-------- EXCERPTED DATA

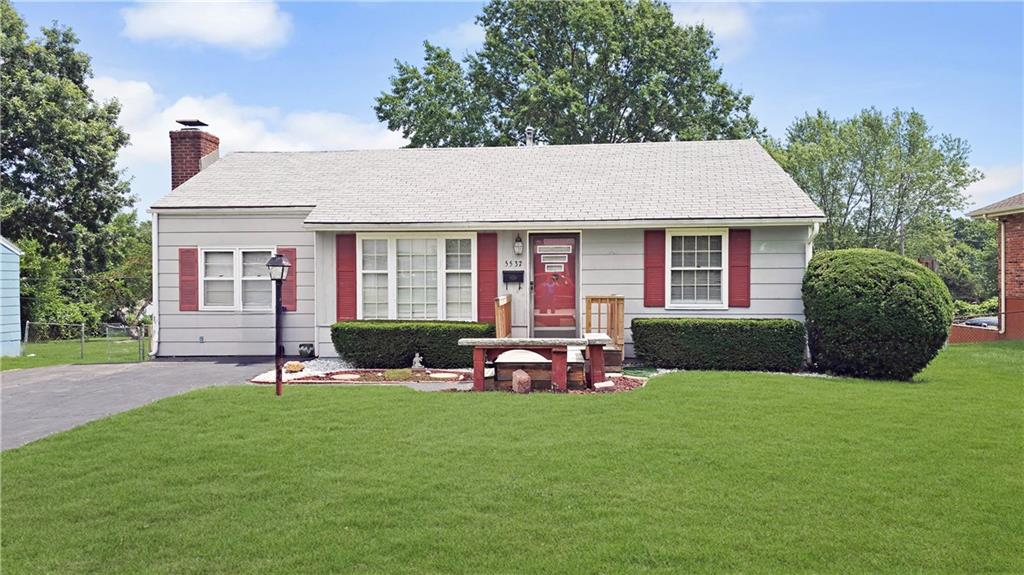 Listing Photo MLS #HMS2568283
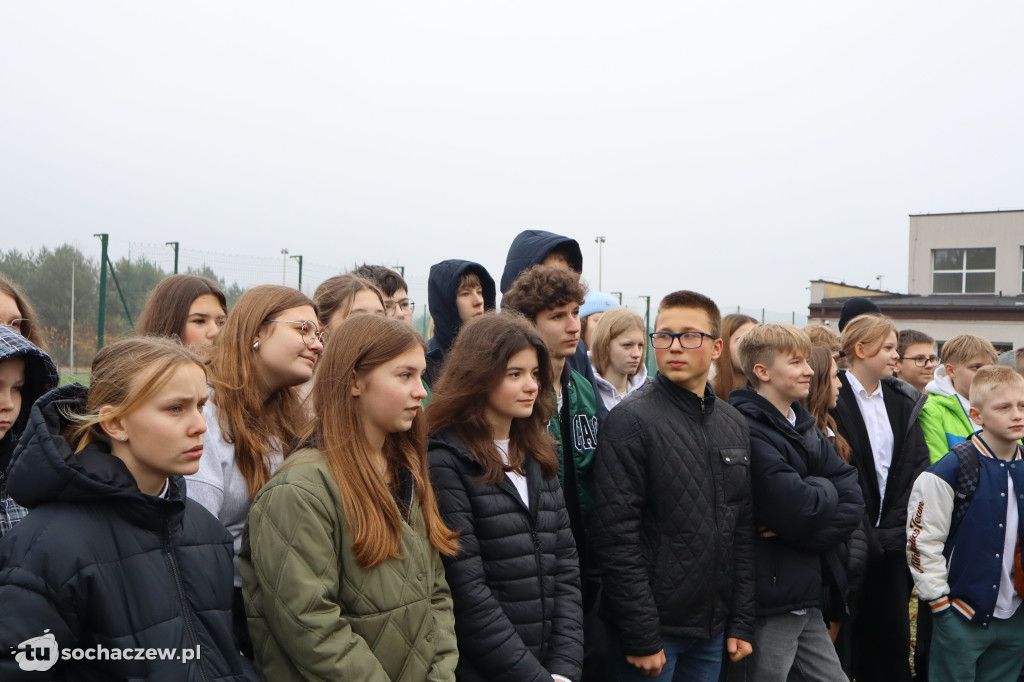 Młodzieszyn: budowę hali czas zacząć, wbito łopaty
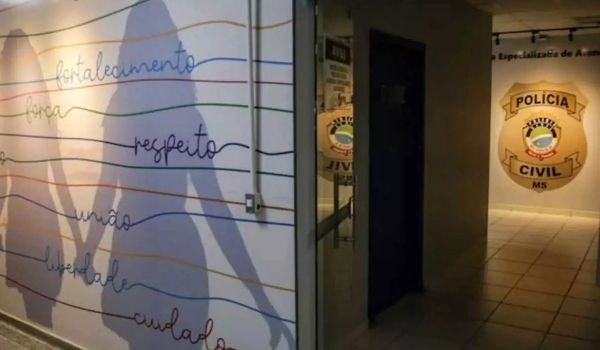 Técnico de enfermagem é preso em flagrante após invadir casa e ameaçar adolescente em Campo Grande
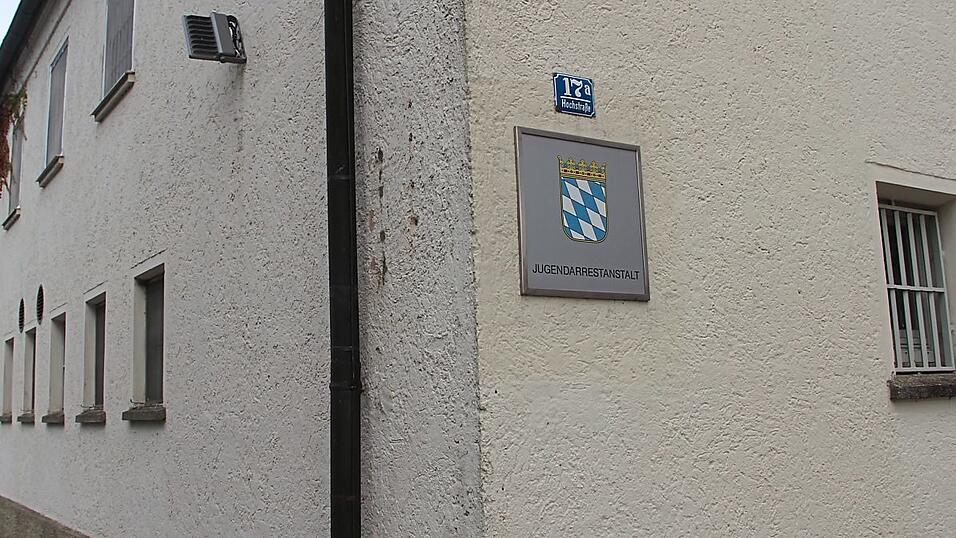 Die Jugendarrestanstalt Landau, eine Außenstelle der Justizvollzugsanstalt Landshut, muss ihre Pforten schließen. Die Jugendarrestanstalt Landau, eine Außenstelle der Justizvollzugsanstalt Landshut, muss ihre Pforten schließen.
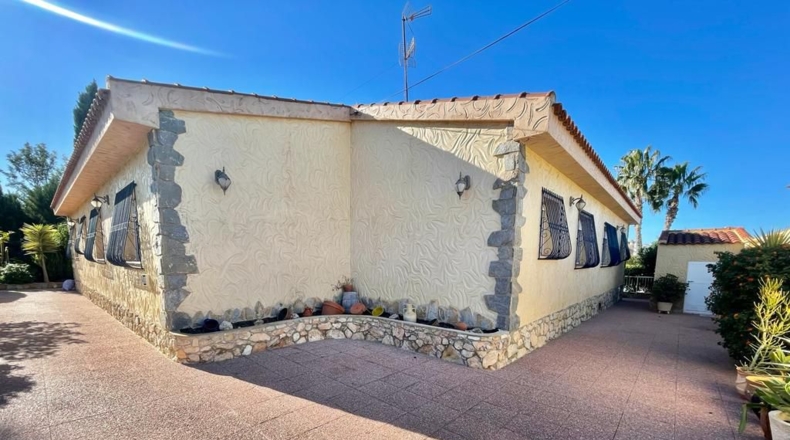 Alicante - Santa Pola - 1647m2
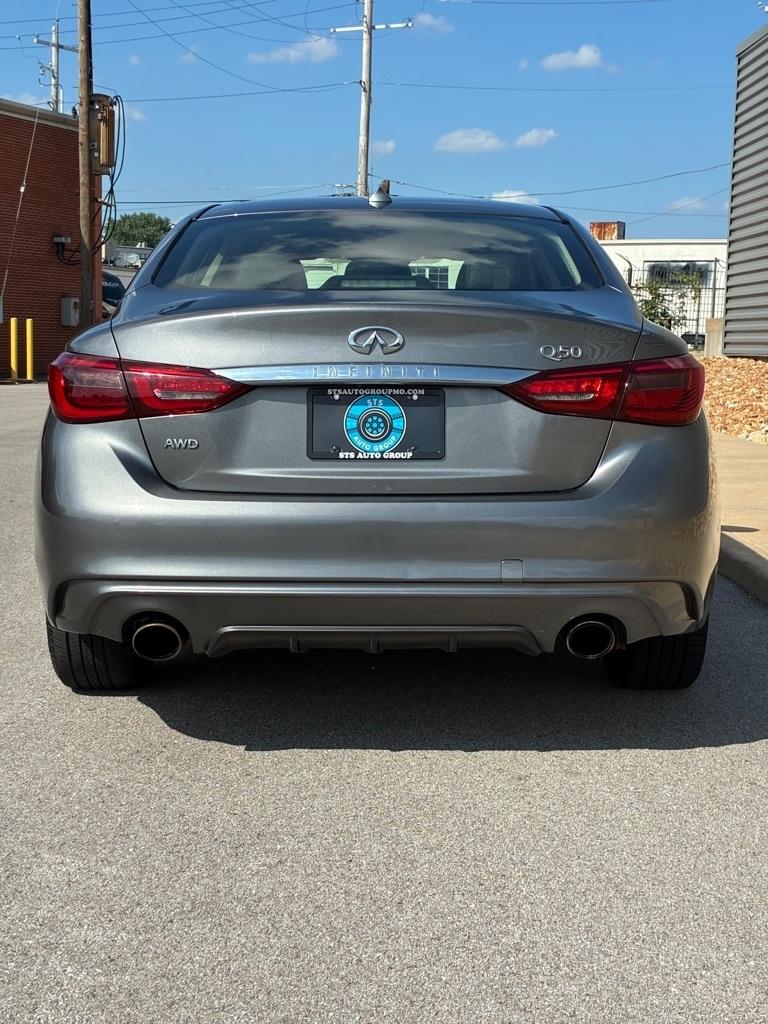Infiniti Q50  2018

----------------
-------- EXCERPTED DATA

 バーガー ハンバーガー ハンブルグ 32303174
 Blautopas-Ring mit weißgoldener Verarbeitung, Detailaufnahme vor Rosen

----------------
-------- EXCERPTED DATA

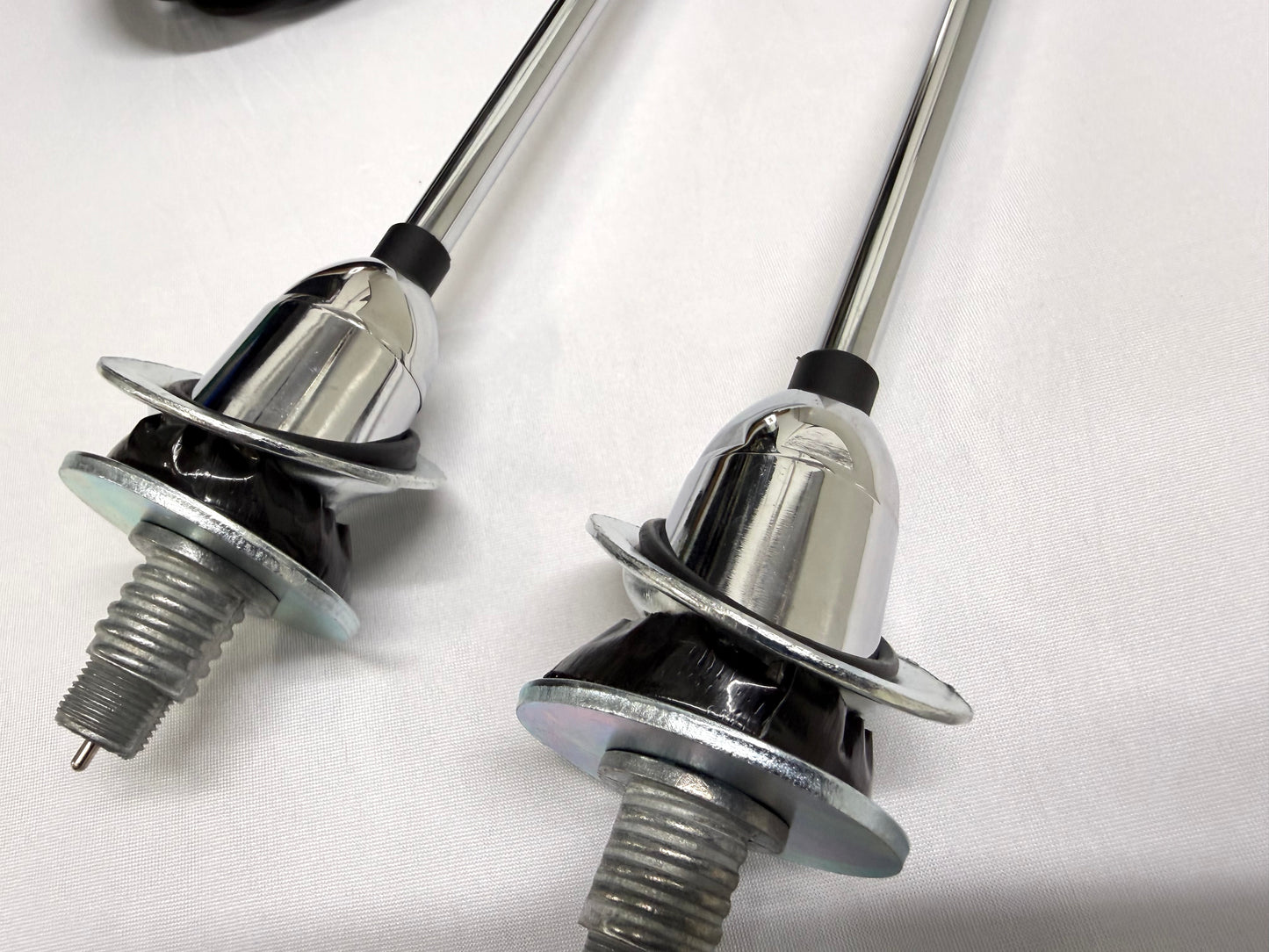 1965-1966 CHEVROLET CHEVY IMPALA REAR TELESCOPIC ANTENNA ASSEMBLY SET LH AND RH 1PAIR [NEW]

----------------

- **TASK TO CARRY OUT**
Here the job is to set down exactly the lines of the material above that fall between the one with "バーガー ハンバーガー ハンブルグ 32303174" and the one with "Blautopas-Ring mit weißgoldener", inclusive, and nothing beyond them.

- **WRITTEN RESPONSE**
 バーガー ハンバーガー ハンブルグ 32303174
 Blautopas-Ring mit weißgoldener Verarbeitung, Detailaufnahme vor Rosen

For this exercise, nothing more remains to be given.